Task instructions: A verbatim repetition of the data below is requested, without images.

Task inputs:
++++++++++

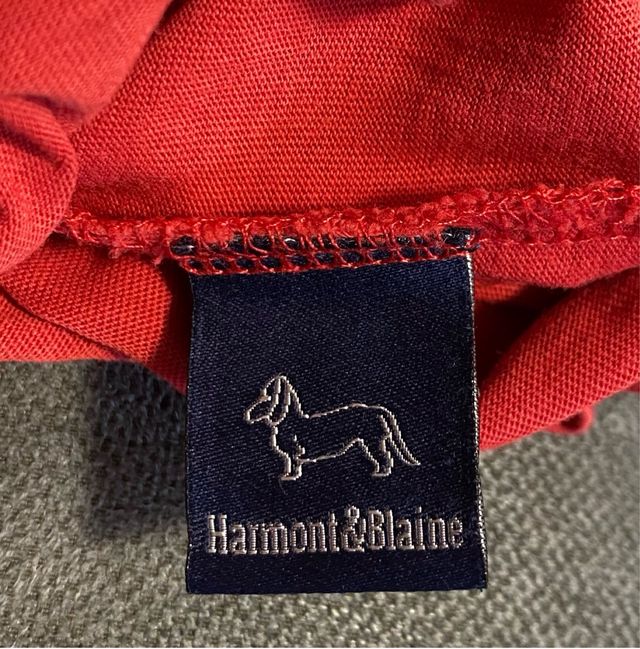 T shirt Harmont & Blaine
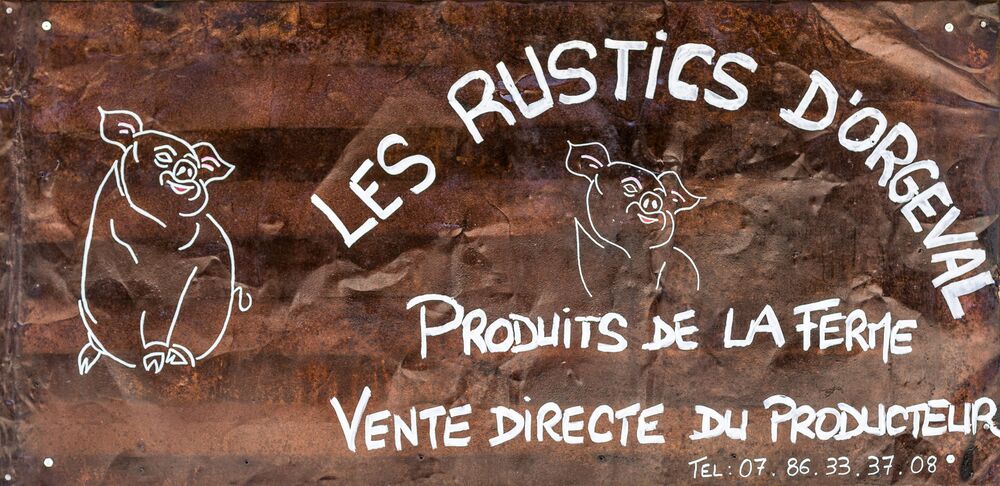 LES RUSTICS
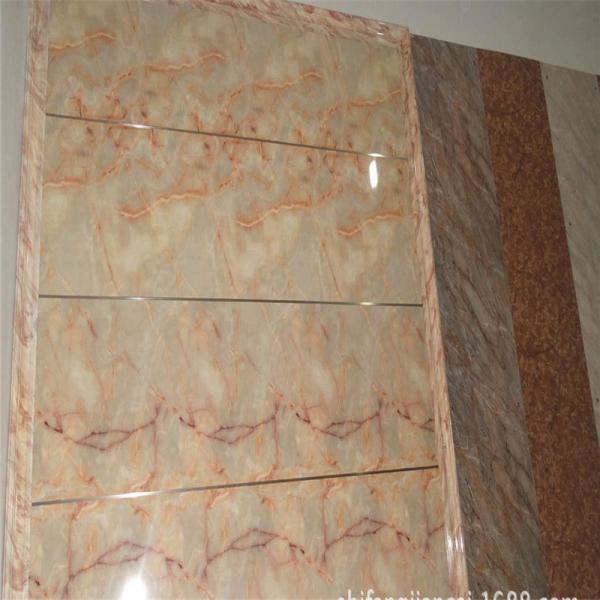 New design uv decorative wall board #2 image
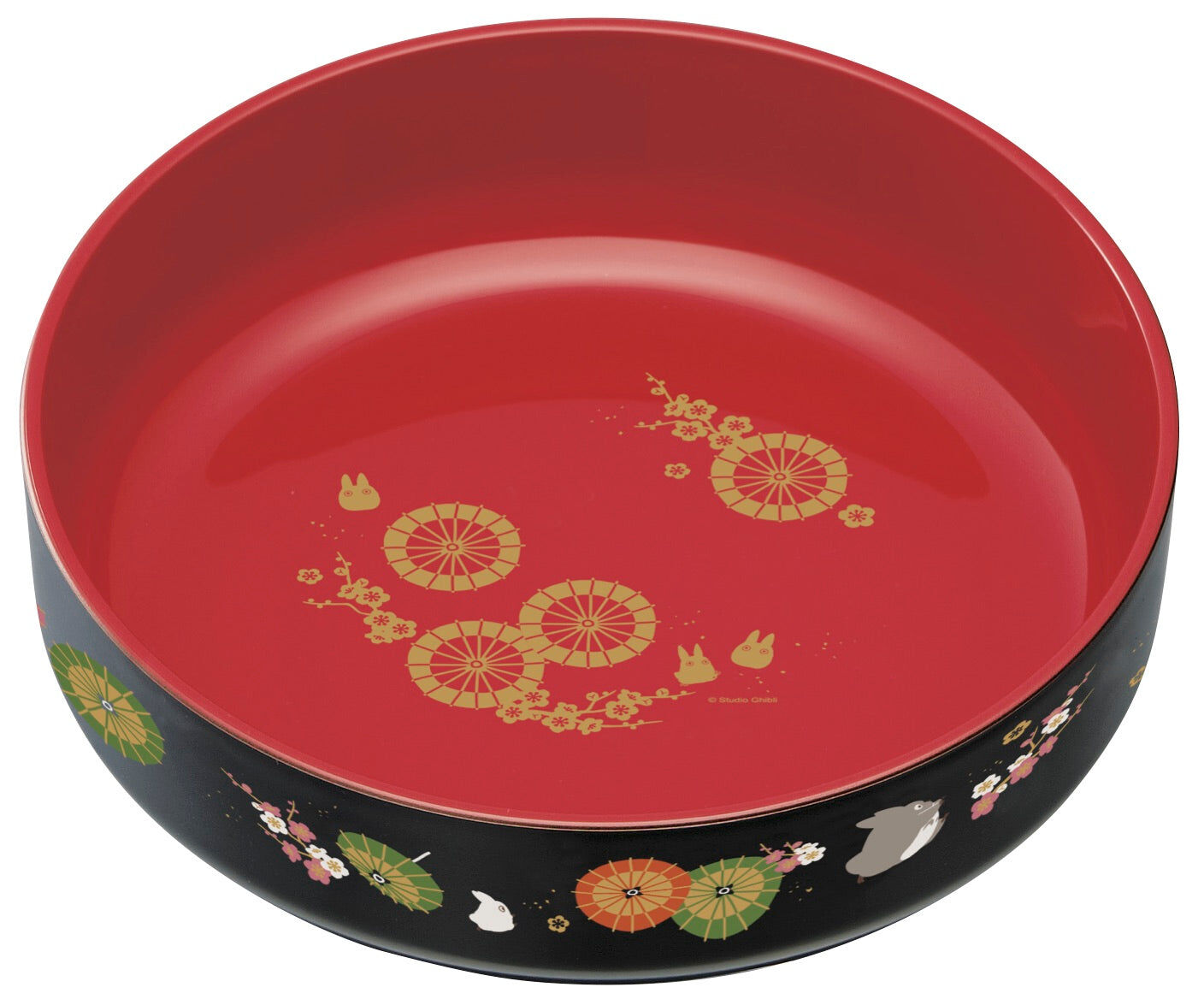 My Neighbor Totoro - Totoro Traditional Japanese Snack Bowl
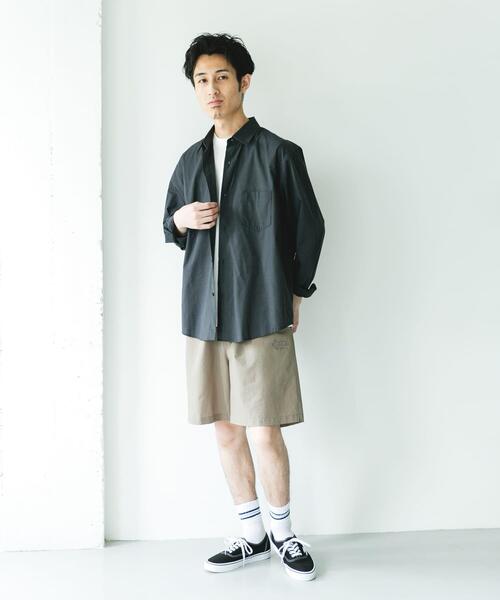 MARMOT(マーモット)の「『別注』Marmot×DOORS DOT AIR SHORTS(その他パンツ・メンズ・カーキ/スミクロ/ブルー・MEDIUM/LARGE/X-LARGE)」の10枚目の写真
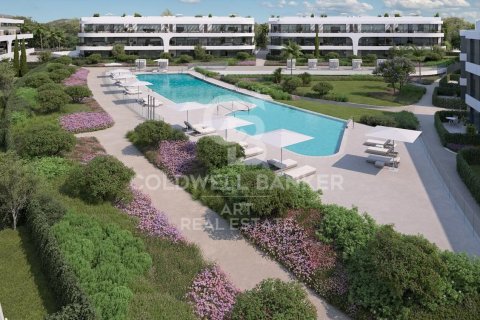 Apartament w Estepona, Malaga, Hiszpania 3 sypialnie, 129 mkw. nr 159063 – zdjęcie 22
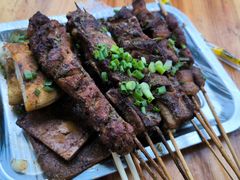 -抚琴第一烤(抚琴地铁站A口店)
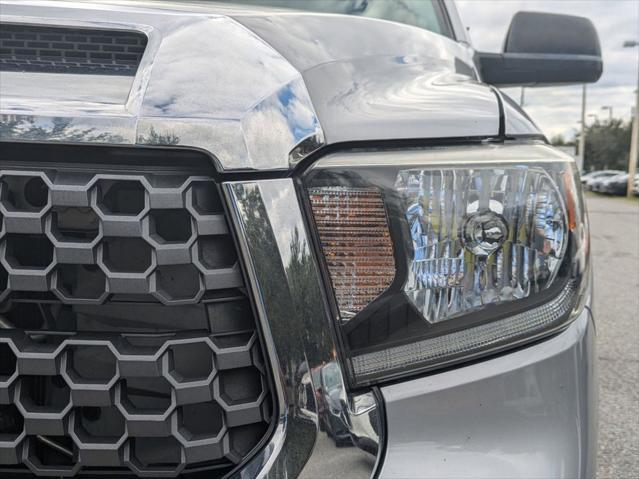 used 2018 Toyota Tundra car, priced at $29,491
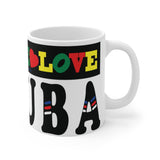 Supernova Cuba One Love Mug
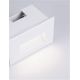 Spoturi - Spot LED incastrabil exterior, ambiental, IP65, POLKA alb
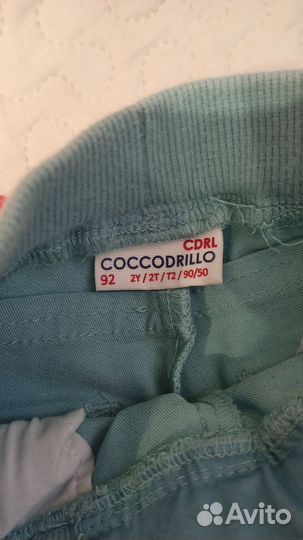Брюки для девочки 92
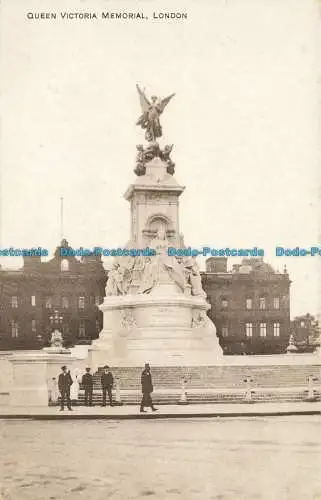 R663190 London. Queen Victoria Memorial. Nr. 8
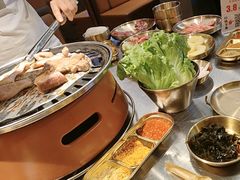 -核桃碳烤肉馆(深圳首店)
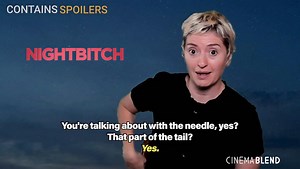 Amy Adams’ 'Nightbitch' Has A Scene That Was So Disgusting, Crew Members Had To Leave The Room While They Filmed It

++++++++++

Response box:
 T shirt Harmont & Blaine
 LES RUSTICS
 New design uv decorative wall board #2 image
 My Neighbor Totoro - Totoro Traditional Japanese Snack Bowl
 MARMOT(マーモット)の「『別注』Marmot×DOORS DOT AIR SHORTS(その他パンツ・メンズ・カーキ/スミクロ/ブルー・MEDIUM/LARGE/X-LARGE)」の10枚目の写真
 Apartament w Estepona, Malaga, Hiszpania 3 sypialnie, 129 mkw. nr 159063 – zdjęcie 22
 -抚琴第一烤(抚琴地铁站A口店)
 used 2018 Toyota Tundra car, priced at $29,491
 Supernova Cuba One Love Mug
 Spoturi - Spot LED incastrabil exterior, ambiental, IP65, POLKA alb
Брюки для девочки 92
 R663190 London. Queen Victoria Memorial. Nr. 8
 -核桃碳烤肉馆(深圳首店)
 Amy Adams’ 'Nightbitch' Has A Scene That Was So Disgusting, Crew Members Had To Leave The Room While They Filmed It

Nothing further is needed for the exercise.